Crass stupidity or petty venality seem to be the only plausible explanations for a member of the European Parliament choosing to go to Baku as an unofficial observer of Azerbaijan's sham presidential election last week.
There might be some high-minded MEP who would pay his or her own way, obtain unfettered access and report back to the Parliament and/or voters in enlightening terms. But we have yet to discover this rare breed of MEP and we are still waiting to read his or her report. Instead, what we publish today is a list (probably incomplete) of MEPs who appear to have indulged in electoral tourism. For them, an election appears to be a pretext to take a flight to somewhere that they would not otherwise visit and to stay in a plush hotel at somebody else's expense.
It might be funny if the regime in Azerbaijan did not have such a poor record in respecting human rights and democracy. Yes, this is a country that is blessed with a wealthy abundance of oil, but that does not mean members of the European Parliament should collude in cheapening the value of elections.
Ivo Vajgl (Slovenia), Alexandra Thein (Germany) and Hannu Takkula (Finland), all from the liberal ALDE group, travelled at the expense of a German association, the Society for the Promotion of German-Azerbaijani Relations, which appears to be a thinly disguised front organisation for Azeri government interests.
Did these innocents genuinely believe that their quiescent presence at the elections would not be used in some way by President Ilham Aliev and his supporters? The milk-and-water report from their front organisation bears feeble testimony to the so-called independence of these MEPs.
Estonian liberal MEP Kristiina Ojuland was quoted in the Azeri media praising the government, but refuses to say who paid for her trip.
The official report from the official European Parliament delegation to the elections is embarrassing enough. But at least that delegation travelled in an official capacity at the European Union's expense.
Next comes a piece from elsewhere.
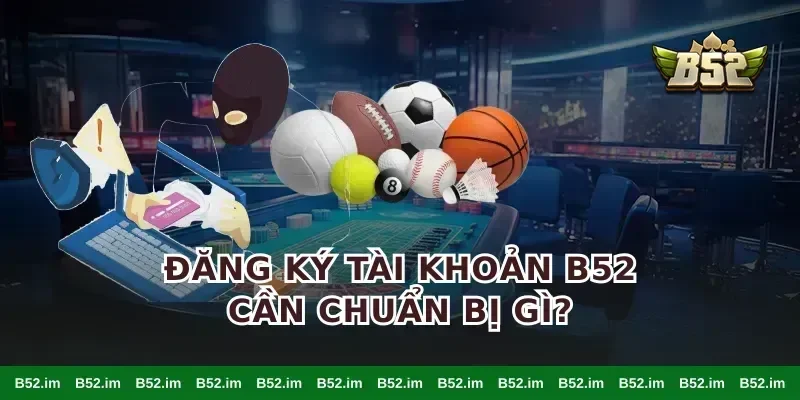 đăng ký tài khoản B52 cần chuẩn bị gì?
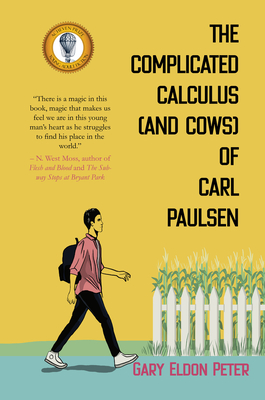 The Complicated Calculus (and Cows) of Carl Paulsen - Peter, Gary Eldon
Those MEPs who went at the expense of others must explain themselves to their voters and do them the courtesy of clarifying how a trip to Azerbaijan was more important than attending the Parliament's plenary session.
The shambles over sham election observation comes, ironically enough, just seven months before the elections to the European Parliament. At those elections, Europe's cross-border political parties will be staking their claims to represent voters Europe-wide. Yet the number of MEPs disappearing off to Azerbaijan raises serious questions about the capacity of some of those political parties to speak for anyone. On this evidence, the ALDE group is an ill-disciplined, ill-managed rabble. The leadership cannot keep its own MEPs in order, so why should voters support so-called ALDE candidates for the presidency of the European Commission or any other job?
It is an axiom of democratic politics that an elected representative should have the freedom to go anywhere, see anything and say anything. We are not questioning that general principle. But that axiom stems from the presumption that in democratic politics voters will have the chance to deliver their verdict on how the elected have used such freedom. Those MEPs who went to Azerbaijan should be held to account by their parties and their voters. Those who cannot explain themselves do not merit re-election. Otherwise, European parliamentary democracy is little better than the Azeri version.